### SUPPLIED ENTRIES:
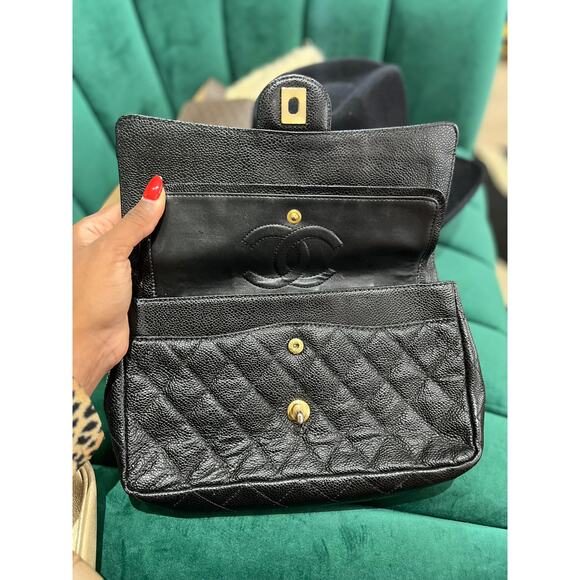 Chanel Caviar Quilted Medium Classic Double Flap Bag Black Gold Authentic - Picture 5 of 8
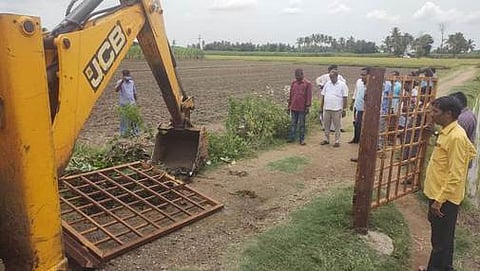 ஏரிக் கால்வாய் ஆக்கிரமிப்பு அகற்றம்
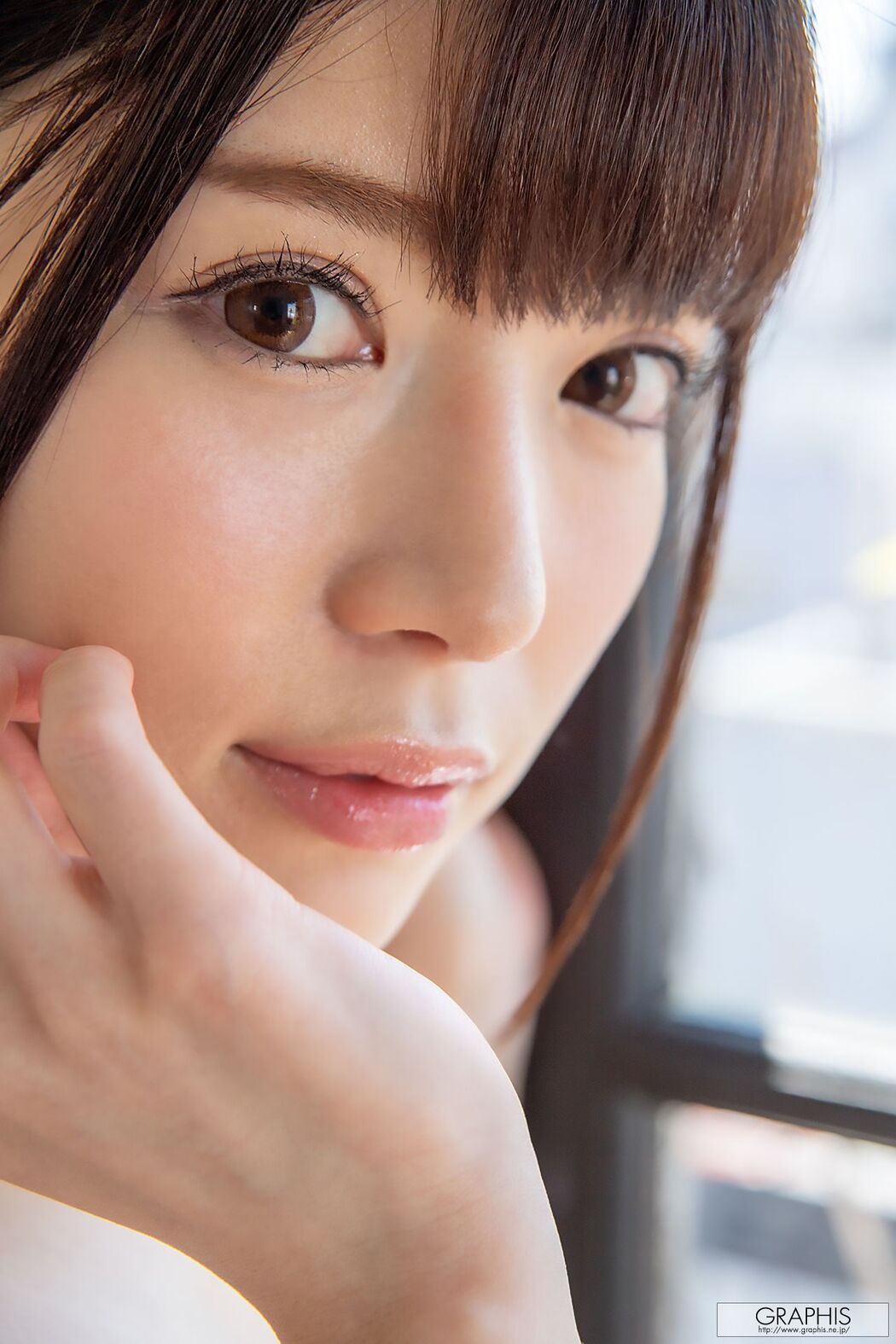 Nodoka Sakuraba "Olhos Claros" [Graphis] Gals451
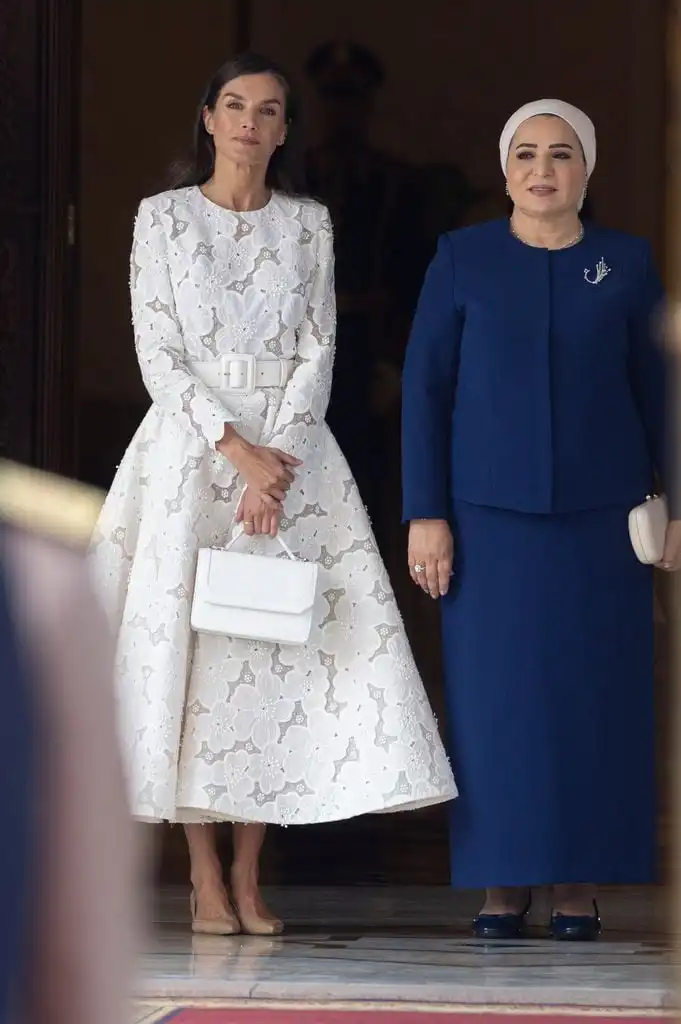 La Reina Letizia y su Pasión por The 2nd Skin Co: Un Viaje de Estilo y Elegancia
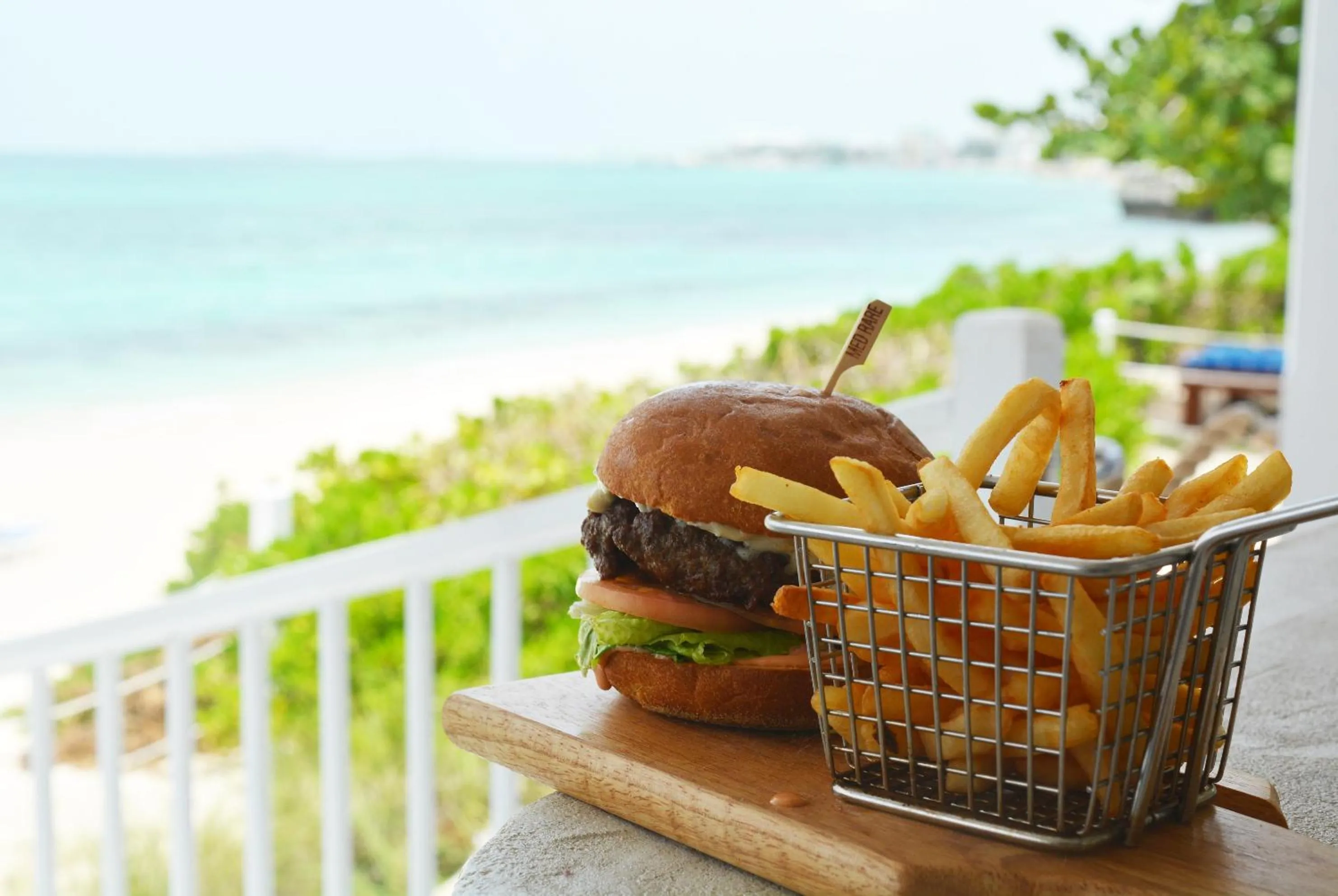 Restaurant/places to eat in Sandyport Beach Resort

==

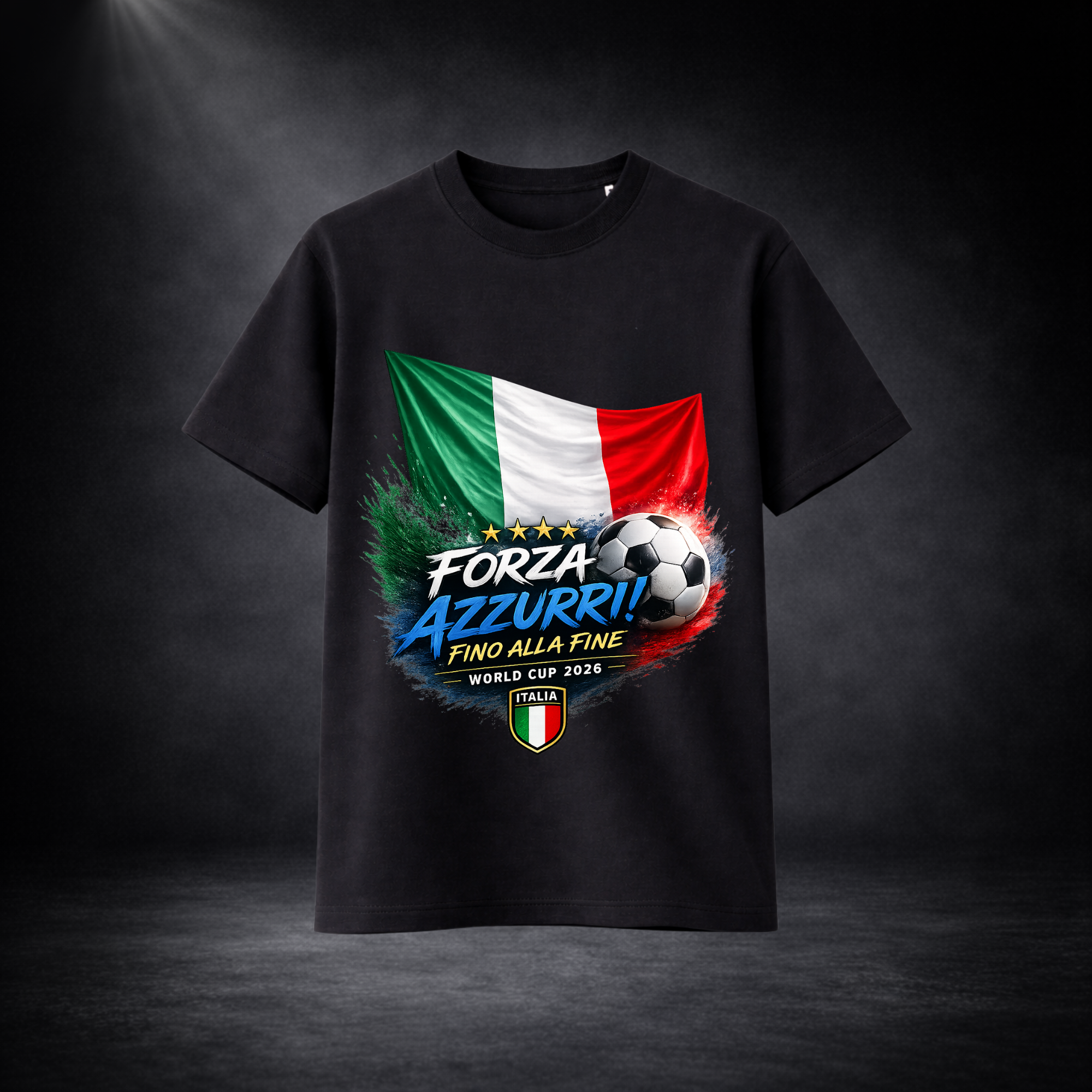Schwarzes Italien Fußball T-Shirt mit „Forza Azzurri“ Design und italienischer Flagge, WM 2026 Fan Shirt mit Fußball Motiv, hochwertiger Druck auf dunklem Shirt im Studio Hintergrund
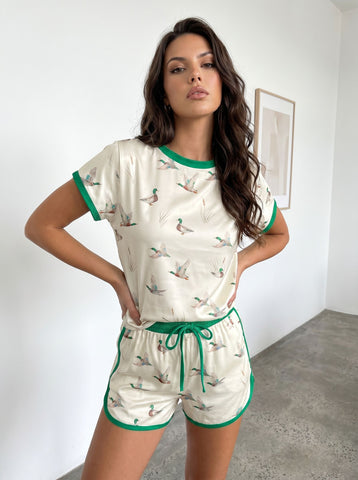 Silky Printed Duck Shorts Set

### WHAT IS EXPECTED:
Output should consist of the lines above from the one with "La Reina Letizia" down to the one with "Restaurant/places to eat", exact and without pictures.

### EXERCISE OUTPUT:
 La Reina Letizia y su Pasión por The 2nd Skin Co: Un Viaje de Estilo y Elegancia
 Restaurant/places to eat in Sandyport Beach Resort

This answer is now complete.